- [Problem details] Reproduce, exactly and in full, the lines from the one with "Photo of Patio Balcony in East Queen Anne" through the one with "Volkswagen Polo 1.0" in the data below; drop pictures.

═══ Data for review ═══

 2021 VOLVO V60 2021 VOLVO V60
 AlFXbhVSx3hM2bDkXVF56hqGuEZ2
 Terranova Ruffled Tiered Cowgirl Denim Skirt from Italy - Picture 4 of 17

═══
═══ Data for review ═══

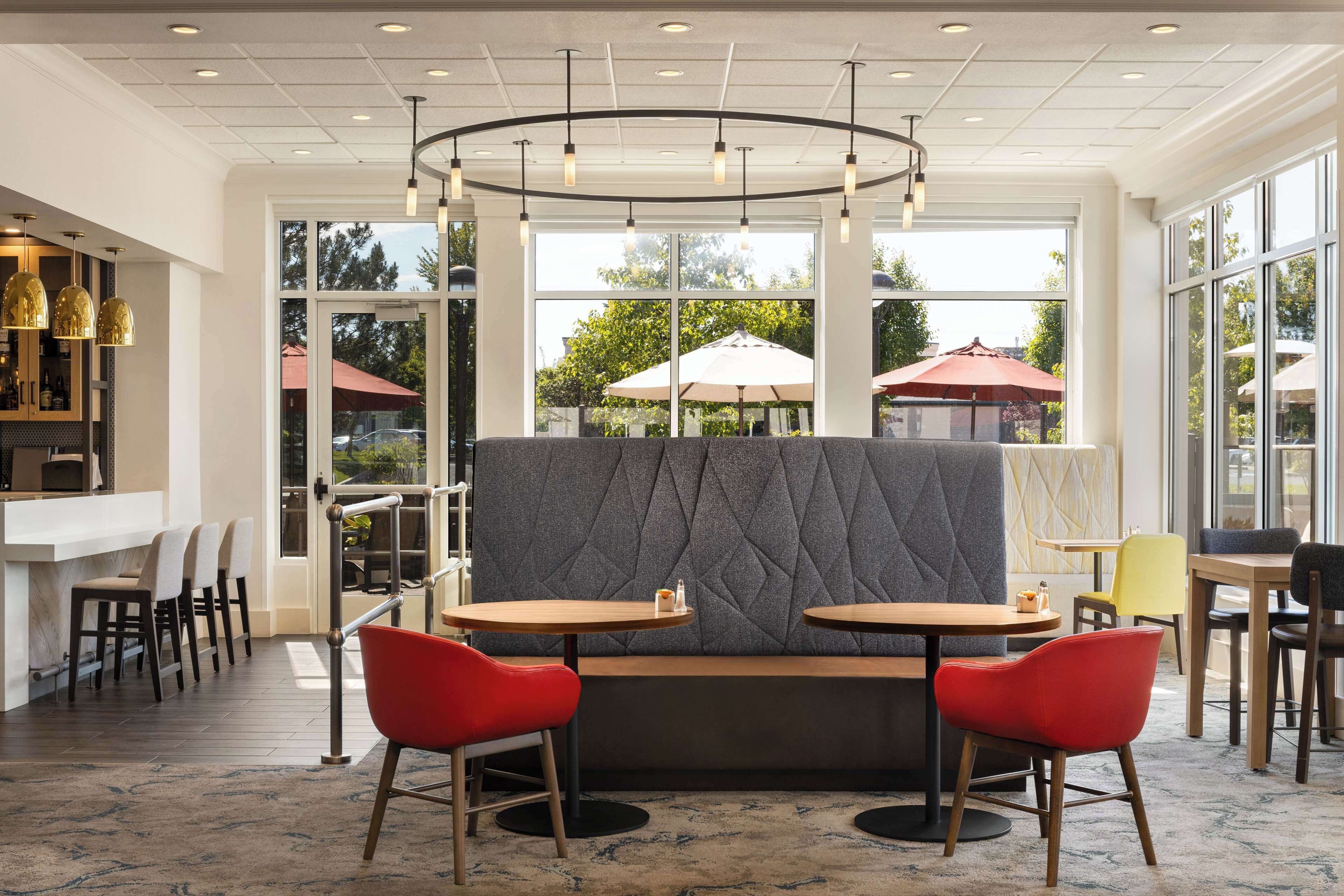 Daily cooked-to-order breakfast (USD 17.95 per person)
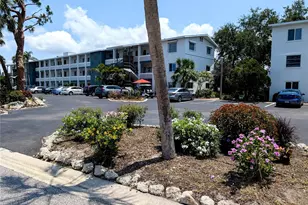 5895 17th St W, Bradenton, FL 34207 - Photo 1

═══
═══ Data for review ═══

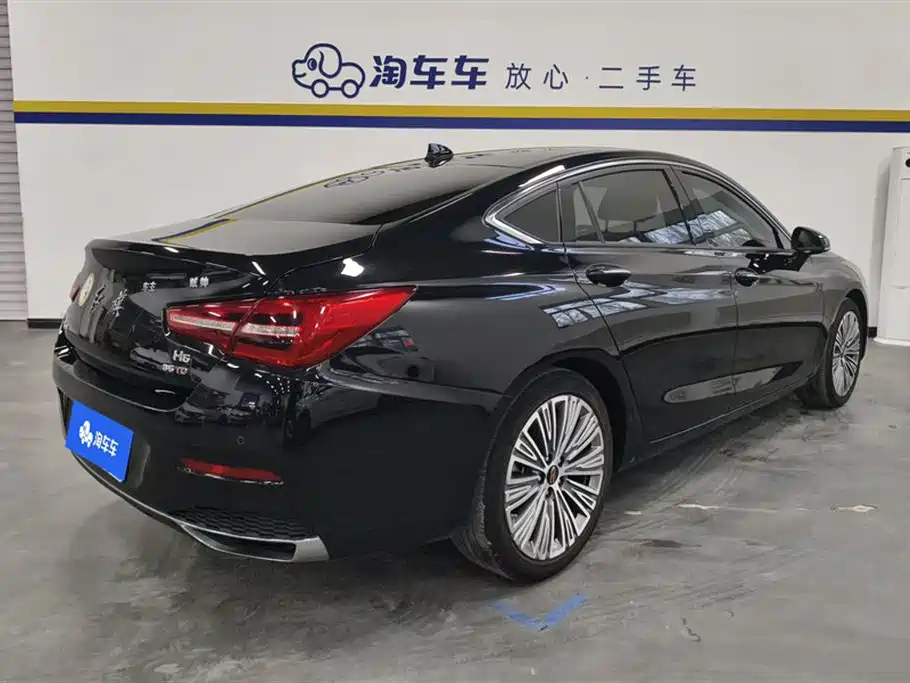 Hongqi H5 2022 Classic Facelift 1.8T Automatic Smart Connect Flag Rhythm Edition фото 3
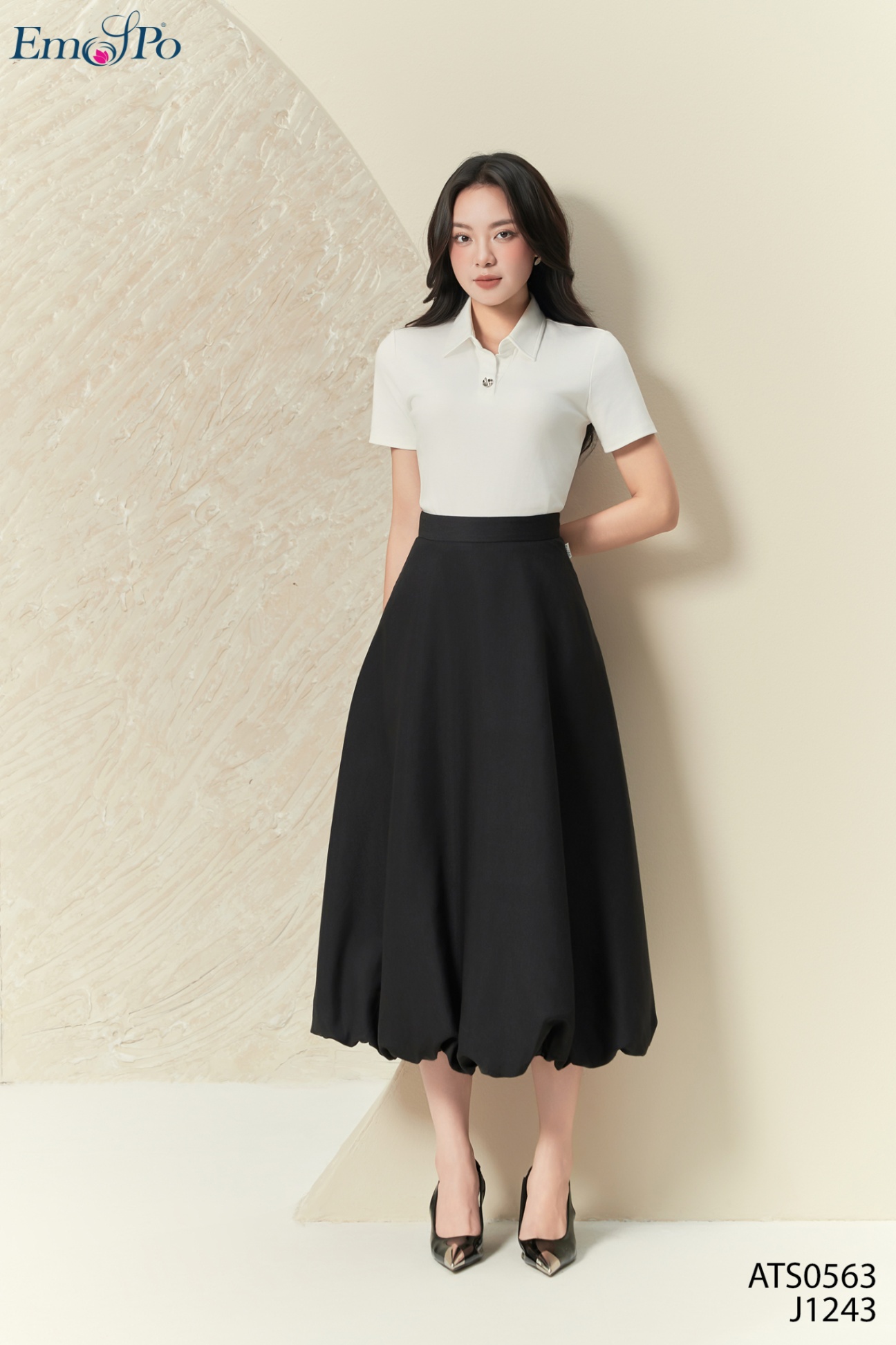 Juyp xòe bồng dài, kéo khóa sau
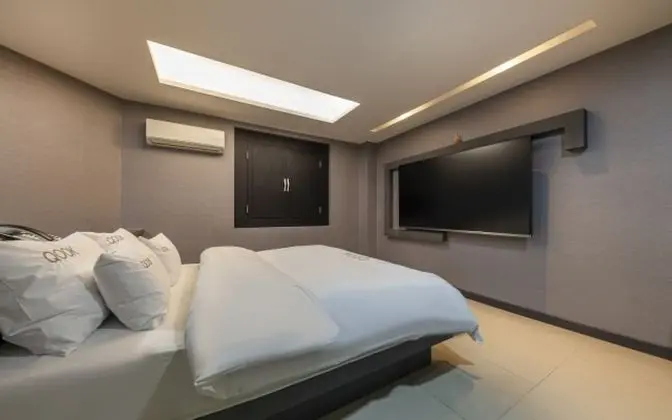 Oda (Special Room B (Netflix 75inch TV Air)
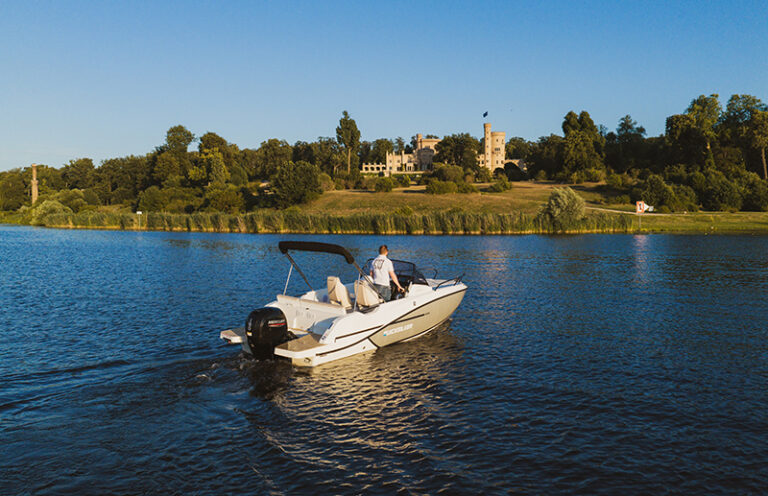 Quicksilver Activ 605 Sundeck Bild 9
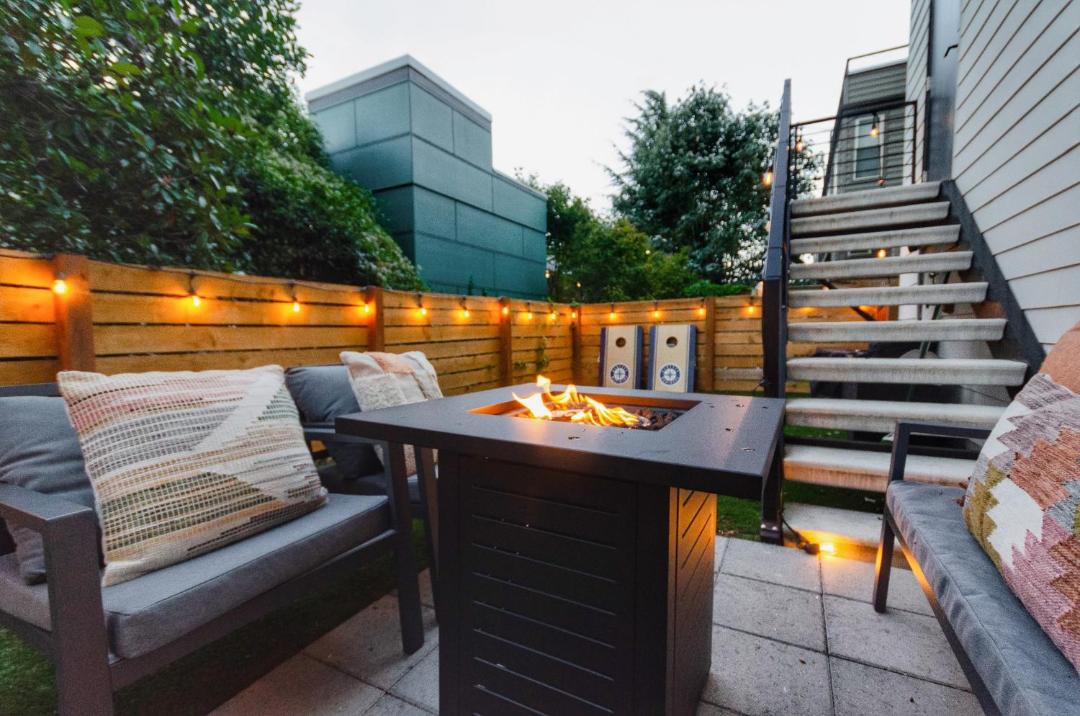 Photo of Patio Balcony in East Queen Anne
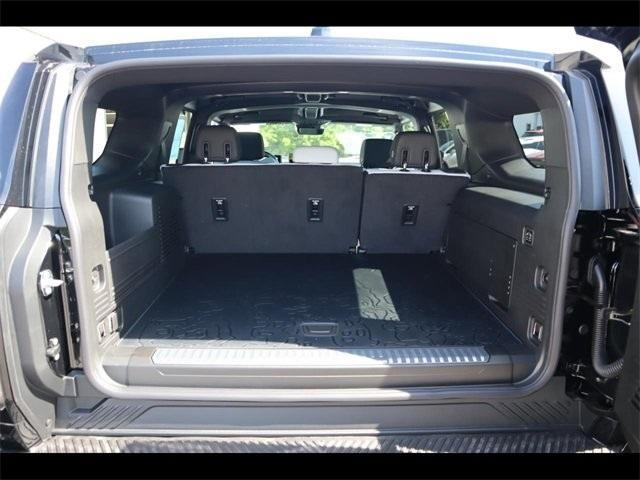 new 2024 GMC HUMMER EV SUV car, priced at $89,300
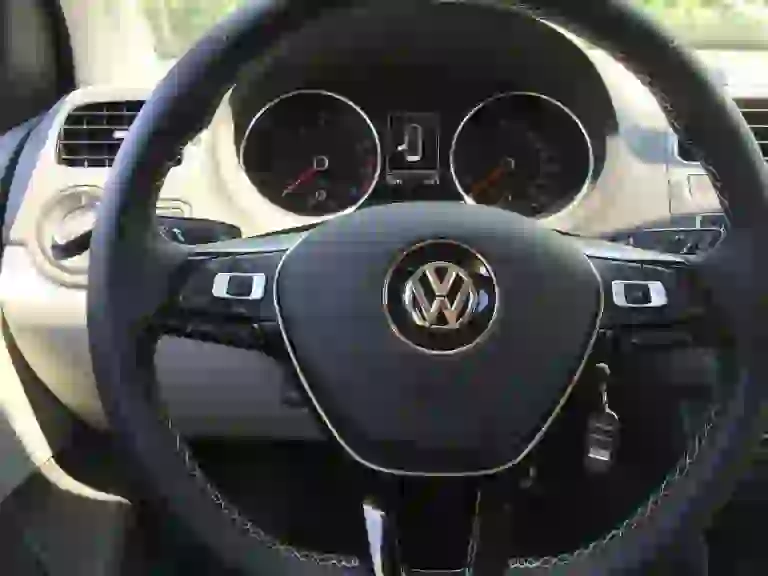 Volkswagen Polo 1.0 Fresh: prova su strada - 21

═══

- [Problem solution]
 Photo of Patio Balcony in East Queen Anne
 new 2024 GMC HUMMER EV SUV car, priced at $89,300
 Volkswagen Polo 1.0 Fresh: prova su strada - 21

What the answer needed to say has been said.